■ **PROBLEM**: From the first line to the last, please print the entries exactly, omitting pictures.

■ **DATA TO EXAMINE**:
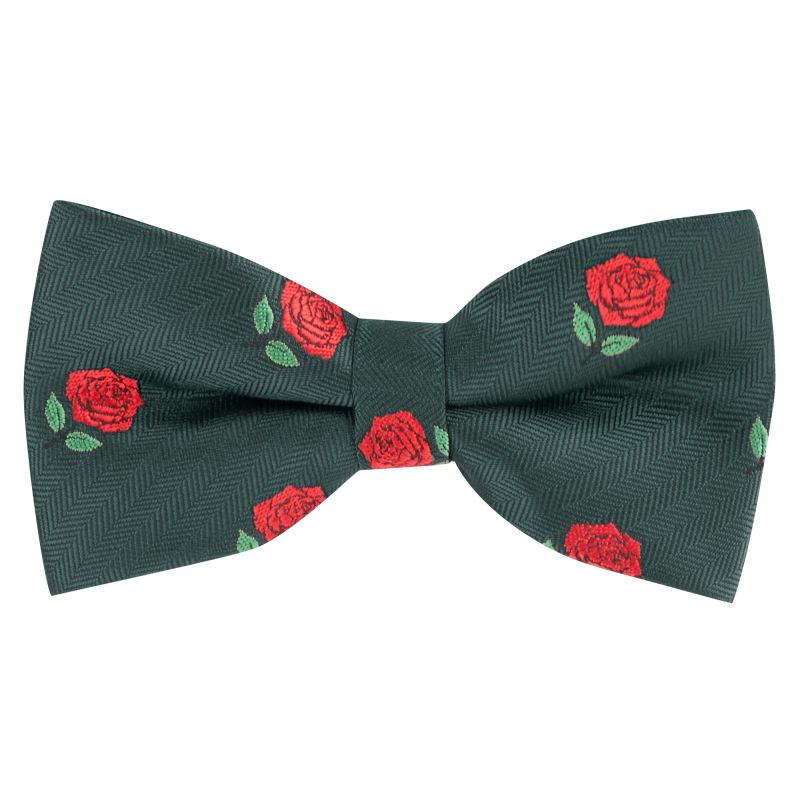 king & priory Dark Green Red Rose Herringbone Bow Tie
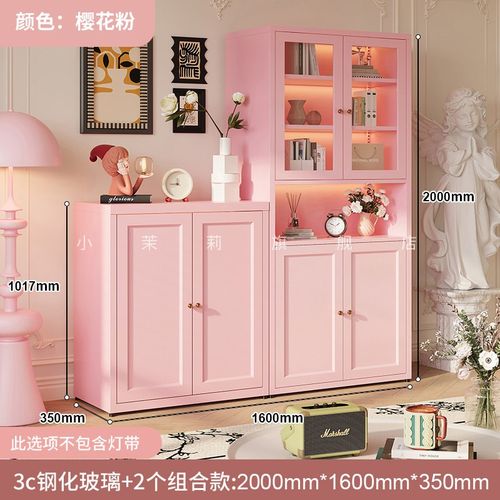 网红书柜带玻璃门落地家用组合客厅防尘置物柜儿童书架柜子展示柜 - 图1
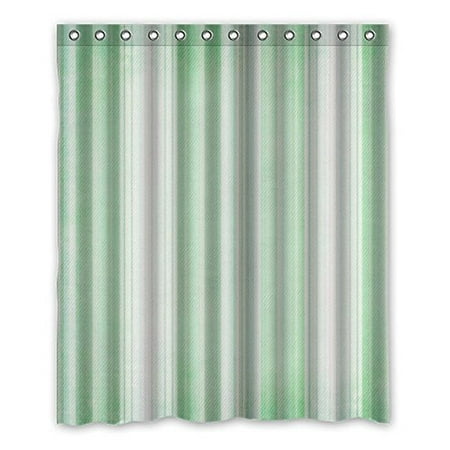 HelloDecor Small Fresh Simple Graphics Green Shower Curtain Polyester Fabric Bathroom Decorative Curtain Size 60x72
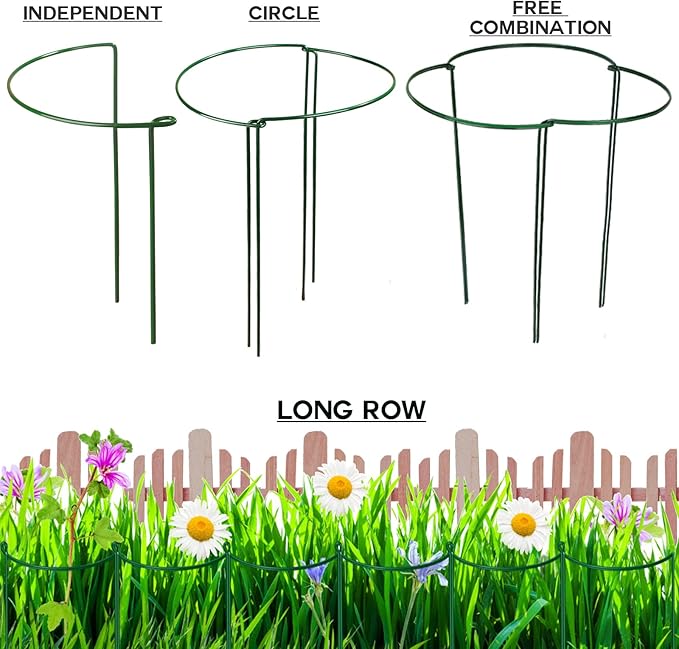 LEOBRO Plant Support Stakes, 4 PCS Plant Stakes, Plant Support, Peony Cages and Supports, Garden Stakes, Plant Stakes for Indoor Outdoor Plants, Hydrangea Support Cage, 10" W x 15.8" H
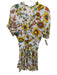 Poupette St. Barth Size S White, Yellow & Blue Viscose floral print V Neck Dress White, Yellow & Blue / S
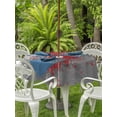 thumbnail image 3 of Outdoor Tablecloth with Umbrella Hole for Patio/Picnic/Party/Camping, Red Cement Gray Waterproof Table Cloth Round Cover Washable, Modern Abstract Art Red (Dia 60"), 3 of 8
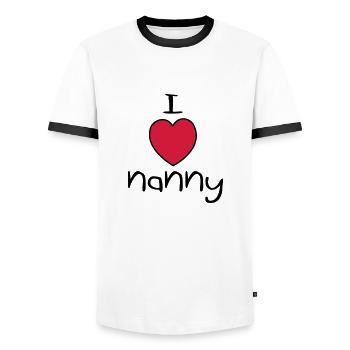 I Love Nanny - Men's Ringer Shirt - white/black - Front - AI Model Female 172 light (172cm) & AI Model Male 178 dark (178cm)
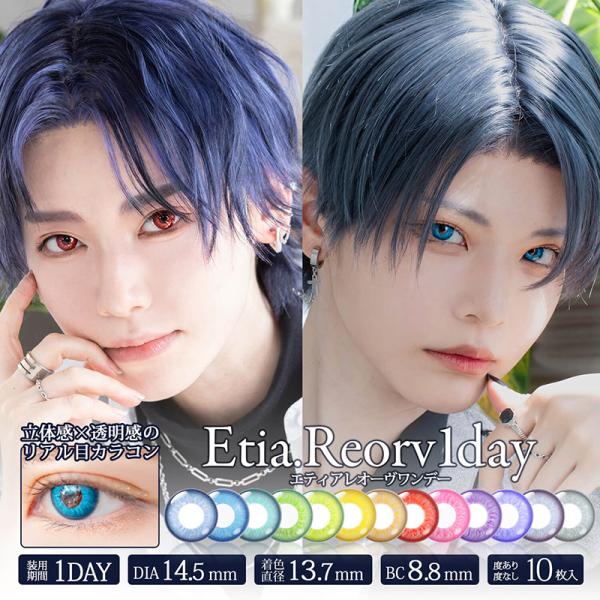 【製品情報】・商品名：エティアレオーヴワンデー Etia.Reorv1day・DIA（直径）：14.5mm・着色直径：13.7mm・BC（ベースカーブ）：8.8mm・PWR：±0.00、-1.00〜-8.00(0.50step)・使用期間：...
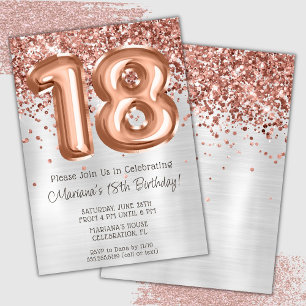 Rose Gold Silber 18. Geburtstagsfeier Einladung
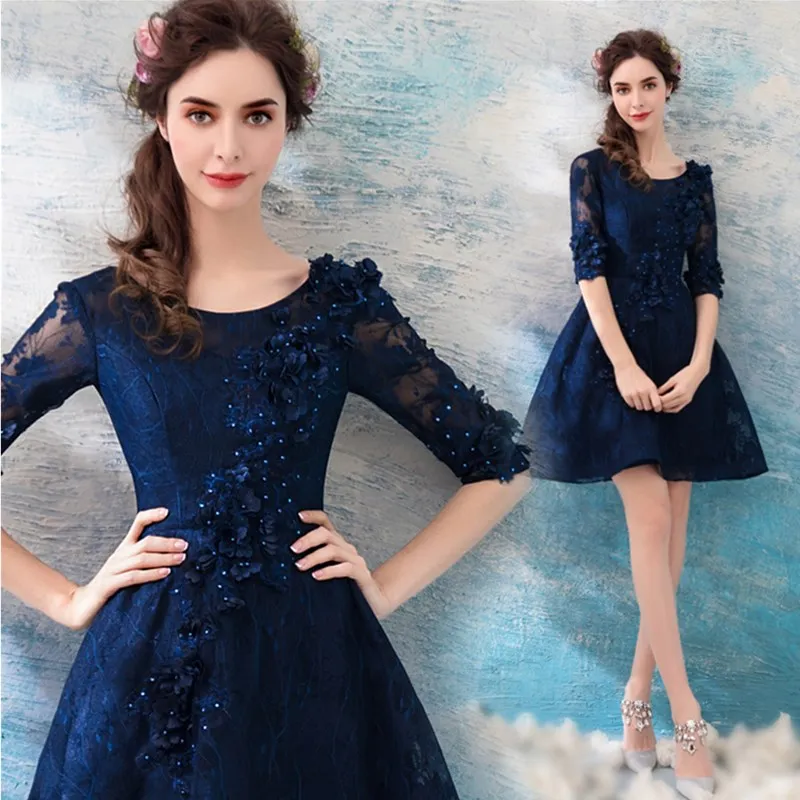 Ruthshen rodilla longitud corto Vestidos de baile robe bal de promo Encaje flores partido con medias mangas Vestidos cortos de Gala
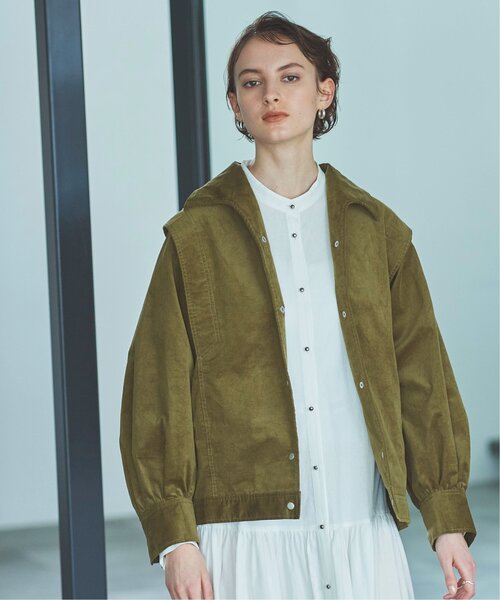 EMMA LIMBER（エマリンバー）の「Corduroy Military Jacket（ミリタリージャケット・レディース・カーキ/キナリ・FREE）」の4枚目の写真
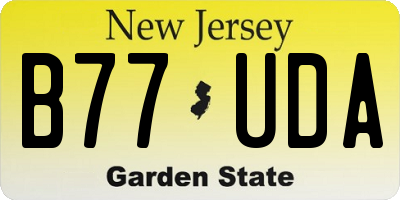 NJ license plate B77UDA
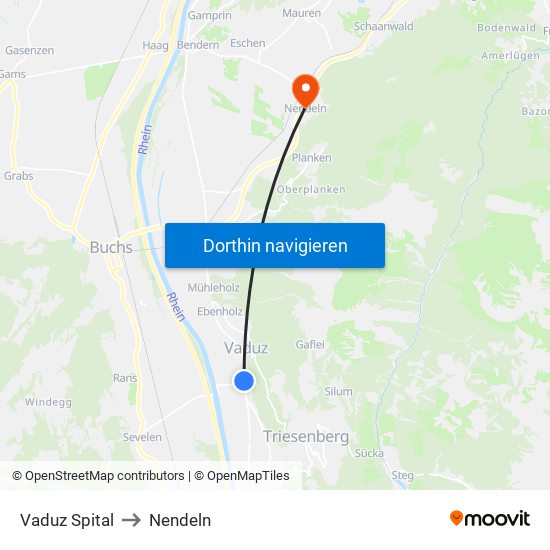 Vaduz Spital to Nendeln map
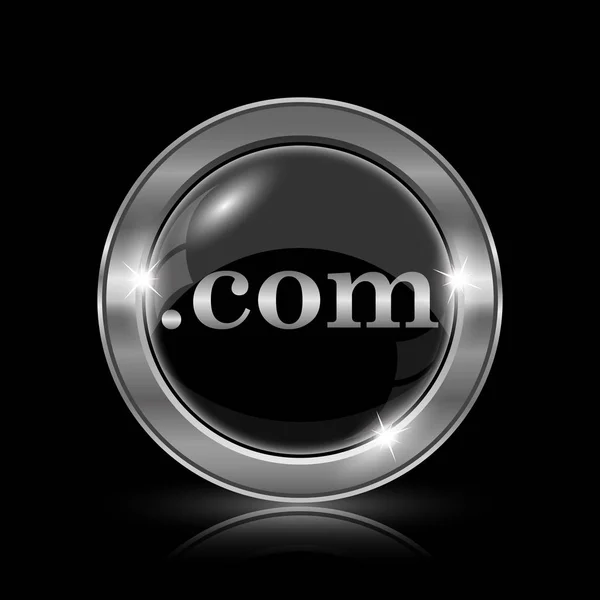 Com Simgesi Siyah Arka Plan Üzerine Internet Düğmesi — Stok fotoğraf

■ **PROBLEM SOLUTION**:
 king & priory Dark Green Red Rose Herringbone Bow Tie
 网红书柜带玻璃门落地家用组合客厅防尘置物柜儿童书架柜子展示柜 - 图1
 HelloDecor Small Fresh Simple Graphics Green Shower Curtain Polyester Fabric Bathroom Decorative Curtain Size 60x72
 LEOBRO Plant Support Stakes, 4 PCS Plant Stakes, Plant Support, Peony Cages and Supports, Garden Stakes, Plant Stakes for Indoor Outdoor Plants, Hydrangea Support Cage, 10" W x 15.8" H
 Poupette St. Barth Size S White, Yellow & Blue Viscose floral print V Neck Dress White, Yellow & Blue / S
 thumbnail image 3 of Outdoor Tablecloth with Umbrella Hole for Patio/Picnic/Party/Camping, Red Cement Gray Waterproof Table Cloth Round Cover Washable, Modern Abstract Art Red (Dia 60"), 3 of 8
 I Love Nanny - Men's Ringer Shirt - white/black - Front - AI Model Female 172 light (172cm) & AI Model Male 178 dark (178cm)
 【製品情報】・商品名：エティアレオーヴワンデー Etia.Reorv1day・DIA（直径）：14.5mm・着色直径：13.7mm・BC（ベースカーブ）：8.8mm・PWR：±0.00、-1.00〜-8.00(0.50step)・使用期間：...
 Rose Gold Silber 18. Geburtstagsfeier Einladung
 Ruthshen rodilla longitud corto Vestidos de baile robe bal de promo Encaje flores partido con medias mangas Vestidos cortos de Gala
 EMMA LIMBER（エマリンバー）の「Corduroy Military Jacket（ミリタリージャケット・レディース・カーキ/キナリ・FREE）」の4枚目の写真
 NJ license plate B77UDA
 Vaduz Spital to Nendeln map
 Com Simgesi Siyah Arka Plan Üzerine Internet Düğmesi — Stok fotoğraf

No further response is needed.